[Quinn] Resurrects An Amplifier That Experienced Death-by-capacitor

[Quinn Dunki] is adding wireless audio to all of the rooms in her home. She’s going with Airplay, snatching up used or refurbished Airport Express units because of their ability to work with both her existing WiFi and the Airplay protocol. The last piece in the puzzle is to get an Amp and she chose the small unit seen above. The problem is that it was dead on arrival and she couldn’t get the company to respond to her issue. So she cracked it open and fixed it right up.

The offenders are the three electrolytic capacitors at the top of the picture. She took some close-up images of each and you can’t miss the fact that they’re blown out. These are often among the higher price-per-unit parts and manufactures try to pinch the penny as much as possible. Add to it the heat in a small enclosure like this one and you’ve got a failure. [Quinn] dug through her junk bin but the size of the replacement had to be a perfect match so she ended up putting in a parts order. The new caps fit and work perfectly as you can hear in the clip after the break.

28 thoughts on “[Quinn] Resurrects An Amplifier That Experienced Death-by-capacitor

  1. I would have bet money before reading the article that the caps would be CapXon…surprise! I wonder how many hundreds/tens of thousands of devices have been thrown out by less-skilled persons due to bad capacitors. Good job, Quinn!
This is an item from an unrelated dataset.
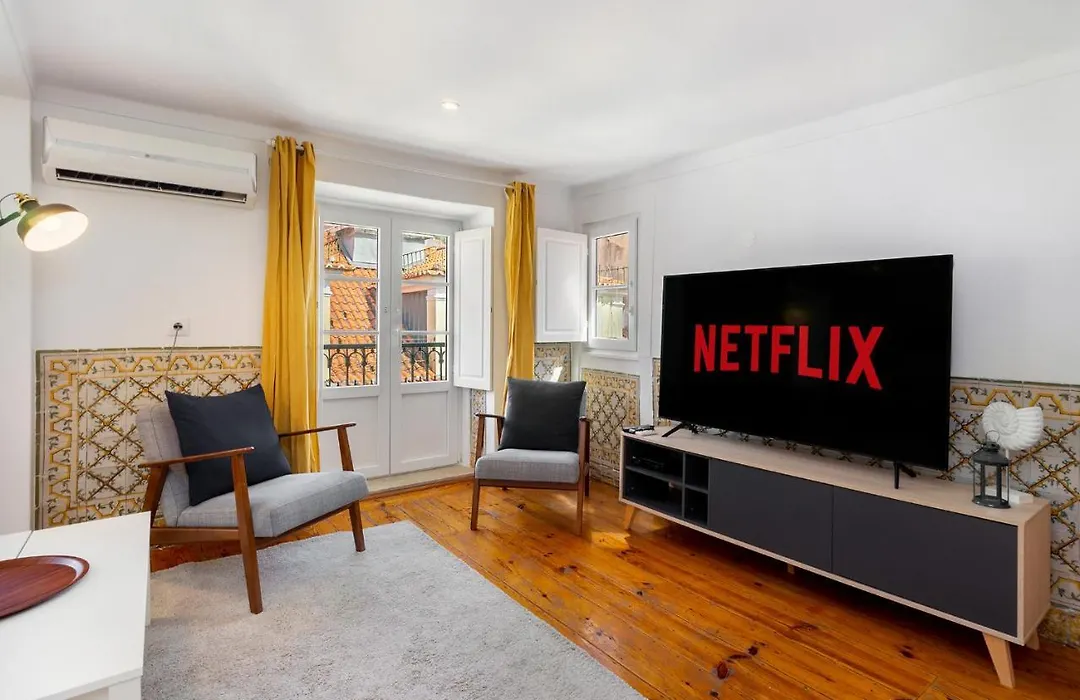 Whome Charming And Historical Apartment In Santa Justa-1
    1. Not only does it appear that it was a used item that got sold/shipped as new, but the capacitor failure likely happened one of two ways:
      1.) Under QA test at the factory in China (odds are good that’s where it was made, though its anyone’s guess)
      2.) Under connection in “bridged” configuration. As far as I know (enlighten me pleas) most “Class D” amps will not operate properly in “bridged mode” (where both stereo channels are joined to power a single speaker). This particular product shows that in can be used in such a fashion. Looking at the close-up of the circuitry, it appears that they’ve added protection to enable the bridging option, but I’m not convinced that they’ve done it in such a way as to be bullet-proof. Granted, I’m also running on lack of sleep at the moment so I could be all wrong, but on very quick glance, I’d say that it looks like it was pushed too far by whomever first had it before it was sold/shipped to Quinn as new.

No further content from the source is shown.